Available records:
────────────────────
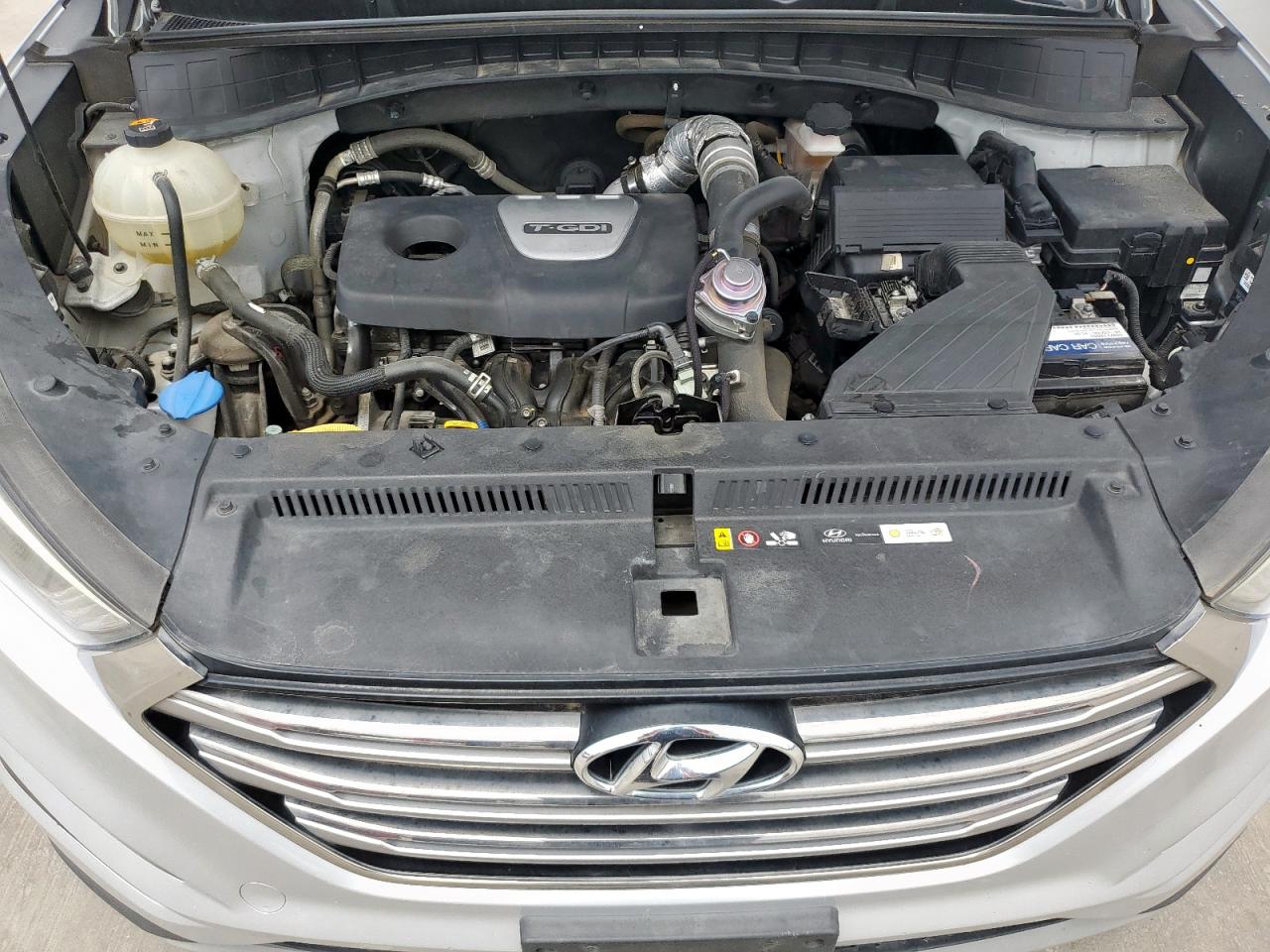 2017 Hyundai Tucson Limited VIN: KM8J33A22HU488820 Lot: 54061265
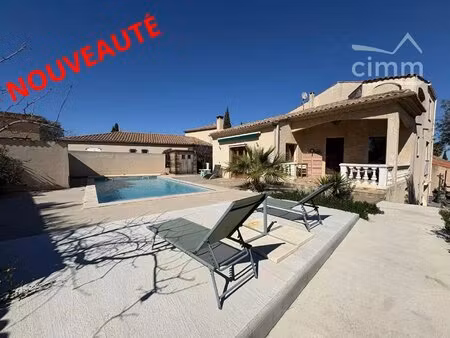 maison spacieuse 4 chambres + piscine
────────────────────
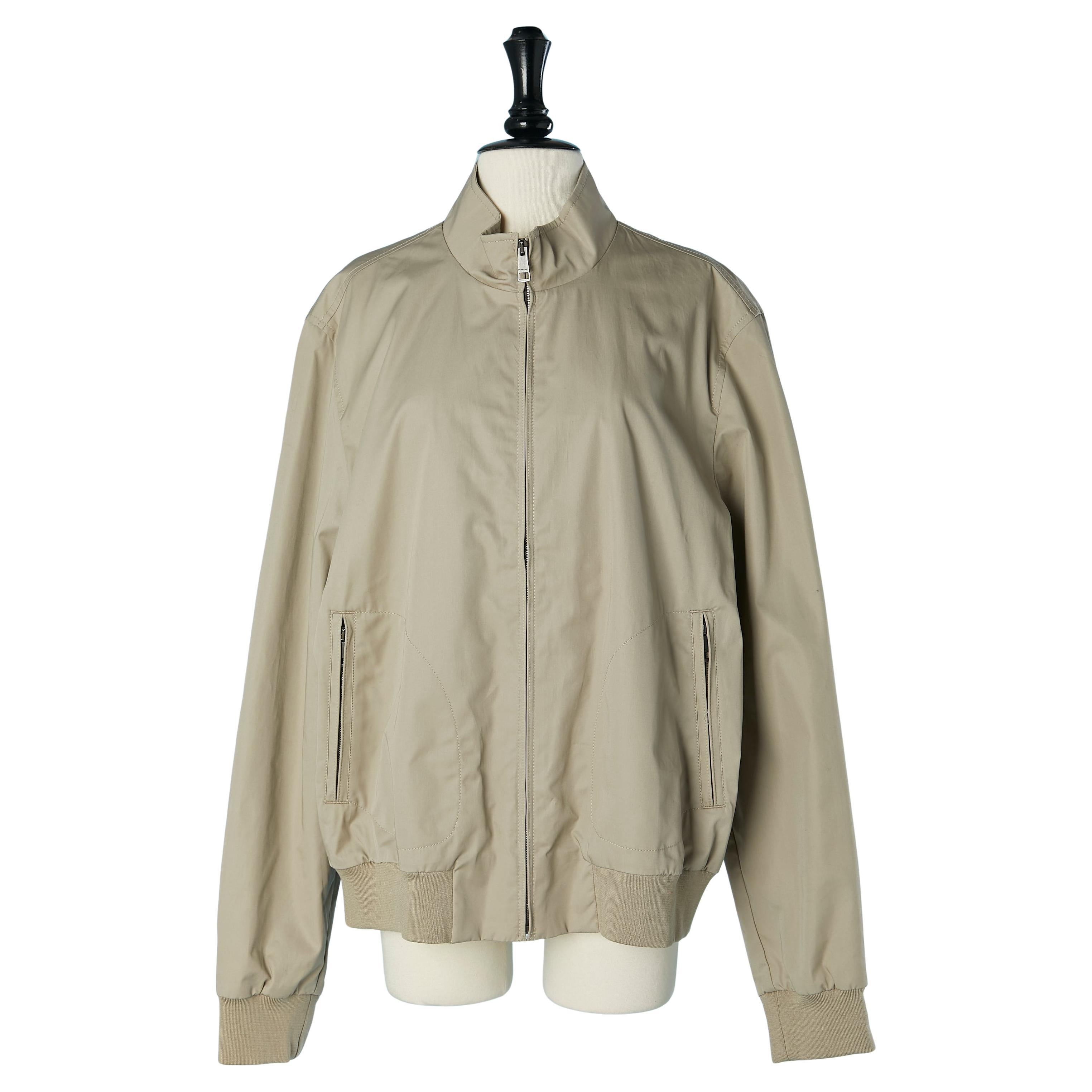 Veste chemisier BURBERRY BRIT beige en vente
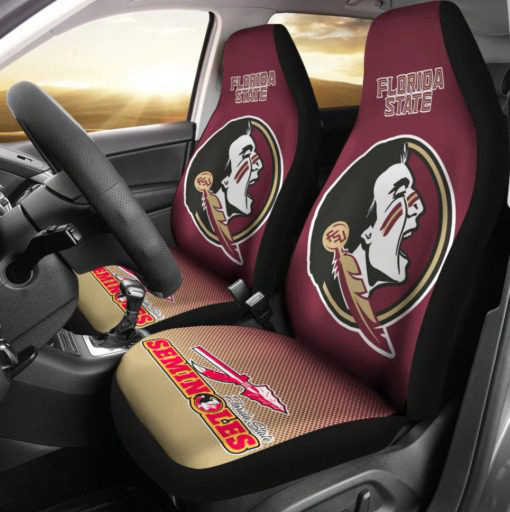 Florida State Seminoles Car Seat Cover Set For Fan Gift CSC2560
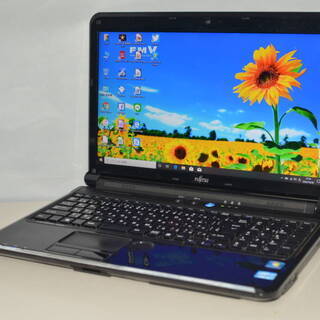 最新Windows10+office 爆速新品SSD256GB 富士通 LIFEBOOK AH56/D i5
────────────────────
How to complete this task: All lines above from the one containing "2017 Hyundai Tucson" up to and including the one containing "maison spacieuse 4 chambres + piscine" are to be set down exactly, and nothing else. Leave images out.

Solution:
 2017 Hyundai Tucson Limited VIN: KM8J33A22HU488820 Lot: 54061265
 maison spacieuse 4 chambres + piscine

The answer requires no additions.